There is a video circulating these days (How Can Diapers Help Your Plants Grow?) that several people have sent me. It suggests that you can cut open a disposable diaper, retrieve the absorbent crystals inside and add these crystals (hydrogels) to the potting mix of your houseplants. And it seems to make sense: after all, hydrogels are said to absorb 500 times their weight in water. Thus, the crystals ought to absorb water and release it slowly, keeping your plants moist longer. The video claims it cuts your watering needs in half… and who doesn’t want great results with less effort? Plus the video seems very professional, the narrator is compelling and enthusiastic, the video seems to show you exactly what to do… so far, so good! But there’s a catch: it simply doesn’t work!

You should know hydrogels absorb water very well, but are not so good at releasing it. After all, disposable diapers are designed to absorb liquids but not with the idea that you’ll then expect them to dry out for future use. Thus, a plant treated with these crystals will have approximately the same watering needs as a plant growing in a more traditional growing mix. This is confirmed by test after test: there is little to no difference in the frequency of watering when you compare ordinary potting soils and the same soils with added hydrogel crystals. In fact, in some tests, the plants growing in hydrogel mixes dried out more quickly than those without the mix. (The difference was minor, but still!)

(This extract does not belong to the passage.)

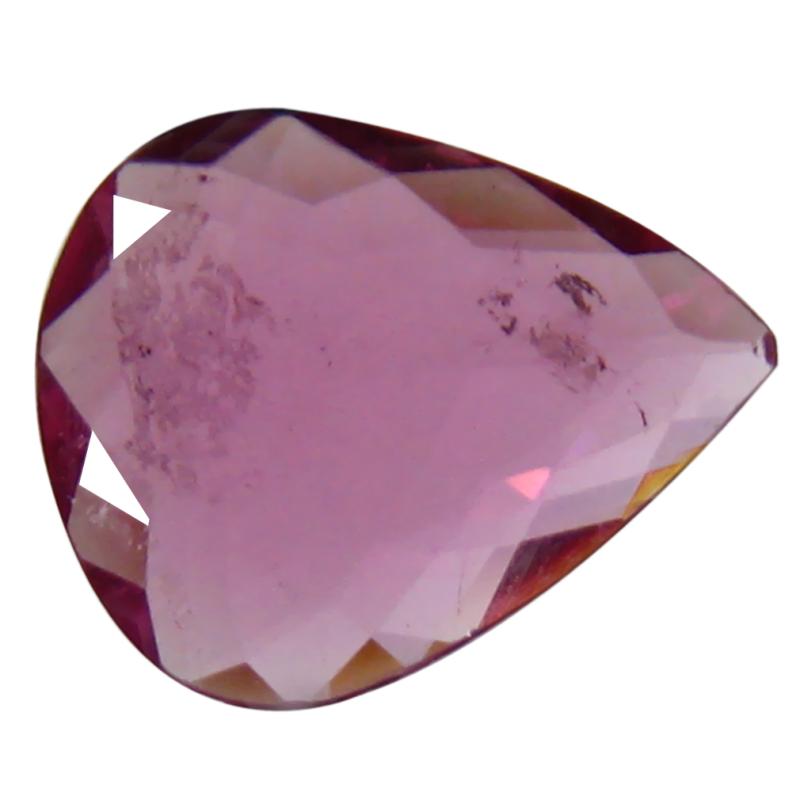 1.61 ct AAA+ Great looking Pear Shape (11 x 9 mm) Reddish Pink Rubellite Tourmaline Natural Gemstone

I tried a very small-scale experiment with hydrogels about 20 years old, when hydrogels first came on the market. Only two plants, so it wasn’t a thorough test. Still, I saw no difference in either the amount of water needed for the two plants nor any difference at all in frequency. I haven’t used hydrogels since!

Of course, that may be a mistake. There are modern hydrogels designed for horticultural use that are likely better for plant culture then chopped up diapers. Even so, though, if you read scientific reports on the subject, the results are not very conclusive. It would appear hydrogels work (a bit) under some circumstances and not at all in others.They seem to operate best when used in the ground (and not so well in pots) using very drought sensitive plants. Plus there are questions about what happens to them when they degrade (they don’t last forever).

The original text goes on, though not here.